Proverbs 29:22 ~ An angry person starts fights; a hot-tempered person commits all kinds of sin.
Don’t be that friend who is always jealous: I’m sure that many of us know that ONE person who is never happy when something good happens to someone else. They always find a reason as to why others (except themselves) should not be celebrated. ‘Oh it’s nothing really why make a big deal about gaining a new qualification’, ‘Oh come on they’re not the first to get married and won’t be the last what’s all the fuss about’, ‘They managed to get that promotion because they’re a doormat’! Please please PLEASE do not be such a friend. It’s really draining/discouraging having someone whisper hurtful, and unnecessary comments into your eardrums. Such nasty words can be soul crushing.
1 Corinthians 13:4 ~ Love is patient, love is kind. It does not envy, it does not boast, it is not proud.
Don’t be that friend who only and always talks about themselves: I know that some humans like to talk a lot more than others, but one should always be sensitive enough to consider what others have to say. Listening is part of communicating, and if people frequently struggle to get a word in whilst conversing with you, they’ll avoid you like the plague. I believe most individuals don’t enjoy having conversations with persons who always brag about themselves, or their children’s achievements, never considering to ask how their fellow counterpart is doing. Honestly such an attitude is a massive turn off. And to be quite frank, too much talk leads to sin as the Bible states. There is a high tendency for one to over exaggerate (lie) when consistently running their mouth about their proud moments.
Proverbs 10:19 ~ Too much talk leads to sin. Be sensible and keep your mouth shut.
We have so many great examples of beautiful friendships in the bible, such as the relationship between Jonathan and David. Jonathan was happy to see David become King in his fathers place, even though according to tradition Jonathan should have been next in line, as he was King Saul’s son. Jonathan was content to see God’s glorious will be done in the life of his friend David. He was joyful to see David succeed and achieve greatness. He loved his friend David.

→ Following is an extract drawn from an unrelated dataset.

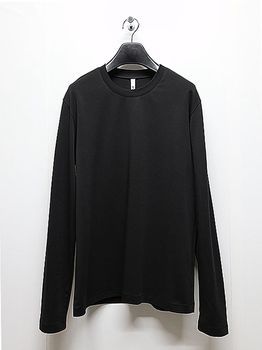 ATTACHMENT�������å�����/COTTON DOUBLE FACE SLIM FIT L/S TEE/BLACK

1 Samuel 18:1 ~ After David had finished talking with Saul, he met Jonathan, the king’s son. There was an immediate bond between them, for Jonathan loved David.
We also have Christ and His relationship with us His creation! He willing gave up His divine privileges in order for us to receive redemption, He gave His life as a sacrifice so that we can experience ‘TRUE’ freedom! There is no greater love than for one to lay his life down for his friend, which is exactly what Christ did! We have a friend in Him. Christ put our needs before His own, therefore I urge those who have not yet accepted His love to taste and see that the Lord is good. Give friendship with God a try!
1 John 3:16 ~ We know what real love is because Jesus gave up his life for us. So we also ought to give up our lives for our brothers and sisters.
My final piece of advice is, every healthy relationship needs space! Try not to suffocate your friend by infringing on their quiet time. Remember you cannot play the role of God in their life, and they need time alone with God to deepen their friendship with Him.
Proverbs 25:17 ~ Don’t visit your neighbors too often, or you will wear out your welcome.